A system and process for vaporizing liquefied natural gas (LNG) and separating natural gas liquids from the LNG. The process vaporizes the LNG to produce natural gas meeting pipeline or other commercial specifications. The process in some embodiments uses a closed loop power generation system.

Description

RELATED APPLICATIONS

This application is entitled to and hereby claims the benefit of the filing date of U.S. Provisional Application No. 60/379,687 filed May 13, 2002 entitled “Revaporization of LNG in a Receiving Terminal While Conditioning Gas Quality and Recovering Power” by Daniel G. McCartney.

FIELD OF THE INVENTION

This invention relates to a process for separating natural gas liquids from liquefied natural gas (LNG) and using the low LNG temperature to produce power. The process also vaporizes the LNG to produce natural gas meeting pipeline specifications.

BACKGROUND OF THE INVENTION

It is well known that LNG in many instances when vaporized does not meet pipeline or other commercial specifications. The resulting natural gas may have an unacceptably high heating value, which may require dilution of the natural gas with materials such as nitrogen. The separation of nitrogen from the air to produce this diluent adds an expense to the natural gas. Alternatively, natural gas liquids may be removed from the LNG to produce natural gas having a heating value within the specifications for a pipeline. The natural gas liquids (NGLs) typically comprise hydrocarbons containing two or more carbon atoms. Such materials are ethane, propane, butanes and, in some instances, possibly small quantities of pentanes or higher hydrocarbons. These materials are generally referred to herein as C2+ materials. These materials not only add heating value to the natural gas which may increase its heating value beyond specification limits, but they also have greater value in their own right as separately marketable materials. It is desirable in many instances to separate these materials from natural gas prior to vaporizing it for delivery to a pipeline or for other commercial use.

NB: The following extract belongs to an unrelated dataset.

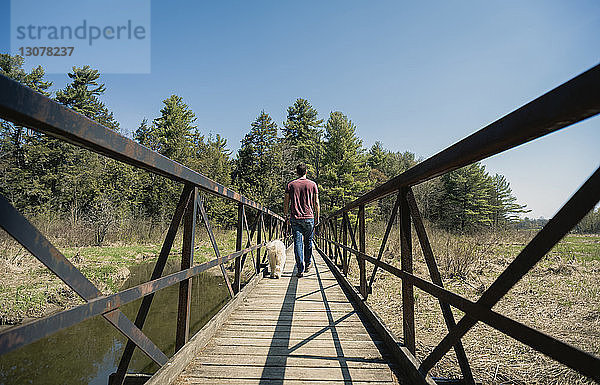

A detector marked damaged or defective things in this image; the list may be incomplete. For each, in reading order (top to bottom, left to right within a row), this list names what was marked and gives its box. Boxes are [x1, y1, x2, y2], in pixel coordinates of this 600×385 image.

rusty metal railing [0, 73, 288, 384]
rusty metal railing [316, 63, 596, 384]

In many instances in the past, LNG has been vaporized by simply burning a portion of the vaporized LNG to produce the heat to vaporize the remainder of the LNG and produce natural gas. Other heat exchange systems have also been used.

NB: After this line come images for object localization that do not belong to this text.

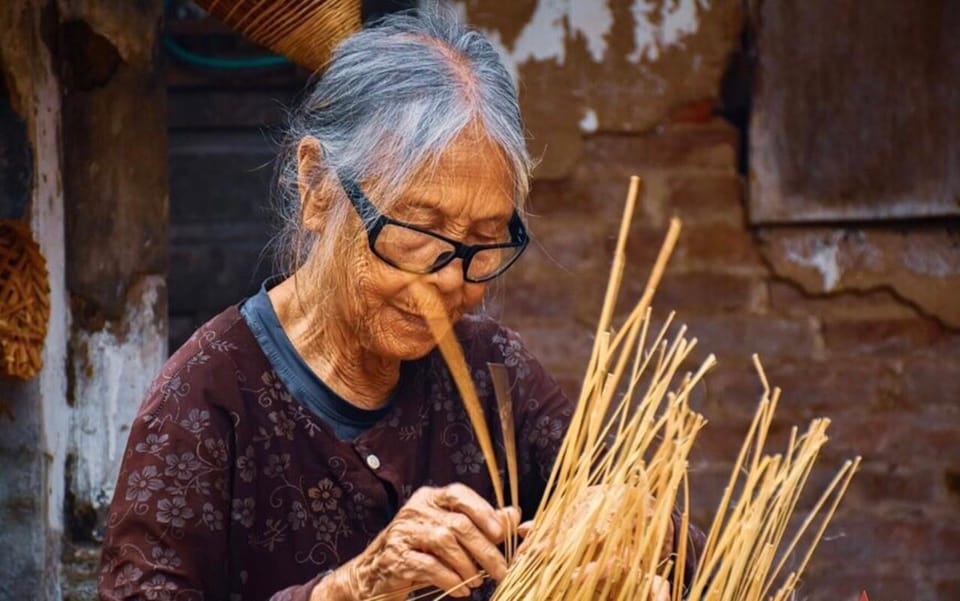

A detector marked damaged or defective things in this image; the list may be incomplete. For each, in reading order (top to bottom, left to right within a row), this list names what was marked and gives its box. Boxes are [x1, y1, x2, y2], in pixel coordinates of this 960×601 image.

peeling paint [628, 0, 708, 63]
peeling paint [576, 109, 600, 134]
peeling paint [71, 276, 167, 506]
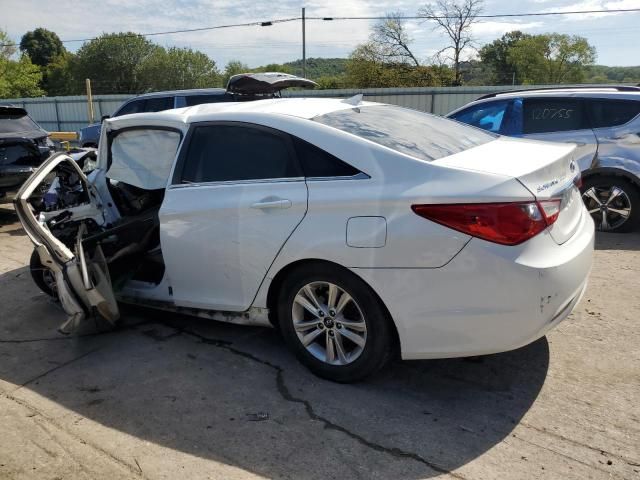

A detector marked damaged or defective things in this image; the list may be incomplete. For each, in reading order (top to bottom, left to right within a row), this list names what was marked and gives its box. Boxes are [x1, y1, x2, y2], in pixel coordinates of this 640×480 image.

detached car part on ground [79, 72, 318, 147]
crushed hood [226, 71, 318, 94]
detached car part on ground [448, 88, 640, 236]
damaged white car [15, 98, 596, 382]
detached car part on ground [16, 97, 596, 382]
crack in pavement [169, 324, 464, 478]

These systems require the consumption of substantial energy which may be produced as indicated by consumption of a portion of the product for vaporization, for distillation, for the production of nitrogen for use as a diluent and the like.

Accordingly a considerable effort has been directed toward the development of processes, which are more efficient for accomplishing this objective.

SUMMARY OF THE INVENTION

According to the present invention, it has been found that LNG is readily vaporized and NGLs removed therefrom by a process comprising: vaporizing at least a major portion of a stream of the liquefied natural gas to produce an at least partially vaporized natural gas stream; fractionating the at least partially vaporized natural gas stream to produce a gas stream and a natural gas liquids stream; compressing the gas stream to increase the pressure of the gas stream by about 50 to about 150 psi to produce a compressed gas stream and cooling the compressed gas stream by heat exchange with the stream of liquefied natural gas to produce a liquid compressed gas stream; pumping the liquid compressed gas stream to produce a high-pressure liquid stream at a pressure from about 800 to about 1200 psig; vaporizing the high-pressure liquid stream to produce a conditioned natural gas suitable for delivery to a pipeline or for commercial use; and recovering the natural gas liquids.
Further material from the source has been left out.